Arlette et le pot au lait
On n’est pas ridicule quand on fait 5%. Mais en comparaison des objectifs affirmés, de la belle arrogance qu’affichaient les dirigeants de la Ligue communiste révolutionnaire, l’automne dernier, au lancement de leur alliance avec Lutte ouvrière, le résultat du premier tour des régionales est profondément humiliant. La Ligue s’est vue trop belle et trop maligne. Elle a chanté trop tôt et trop haut. Avec la formule magique «Arlette et le postier», les trot-skistes allaient inventer le pendant d’extrême-gauche au Front national, plastronnait Alain Krivine! A l’arrivée, les tontons flingueurs de l’extrême-gauche se retrouvent au bal des prétentieux. Le couple Besancenot-Laguiller est humilié par la tant méprisée Marie-George Buffet en Ile-de-France.
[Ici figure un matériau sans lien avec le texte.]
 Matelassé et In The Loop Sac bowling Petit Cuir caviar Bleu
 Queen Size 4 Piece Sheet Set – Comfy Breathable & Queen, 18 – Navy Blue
Les trotskistes sont laminés par les communistes dans le Nord-Pas-de-Calais, dépassés par la gauche alternative en Midi-Pyrénées. Et, partout, largués par ces socialistes qui restent le vote naturel d’opposition à la droite. «Le lien entre le peuple de gauche et les partis traditionnels est plus fort que ne le croyaient mes camarades», commente sobrement Christian Picquet, chef de file de la minorité de la LCR et opposant farouche à l’alliance avec LO. Picquet connaît la réalité électorale: 58% des électeurs des listes LO-LCR souhaitent l’union avec le PS et ses alliés (selon un sondage CSA-«le Nouvel Observateur»)! Contre son propre parti, Picquet a lancé un ap-pel au désistement à gauche. Manière de rappeler l’appartenance de son courant à l’ensemble de la gauche.
Cette alliance semblait naturelle aux théoriciens de la rupture. Elle était, en fait, profondément contre-nature, entre un parti pessimiste - LO - arc-bouté sur ses cellules d’entreprise, tirant sa force des défaites en série de la classe ouvrière, et une formation vibrionnante - la LCR - pressentant la révolution à chaque mouvement social. Dans cette affaire, les amis de Besancenot ont gaspillé leur succès du 21 avril 2002 - l’espoir d’une gauche à la fois radicale et ouverte - et se sont piégés dans leurs contradictions. Attisant les mouvements sociaux, proclamant la profonde malignité du gouvernement Raffarin d’un côté. Mais refusant d’offrir une perspective politique crédible à une opinion de gauche travaillée par l’urgence. «Nous construisons le parti de la grève», lançait Olivier Besancenot au printemps dernier. La Ligue invitait le peuple au bal sans fin des mouvements sociaux, et fabriquait avec Arlette un front du refus électoral. Le peuple a choisi la réalité.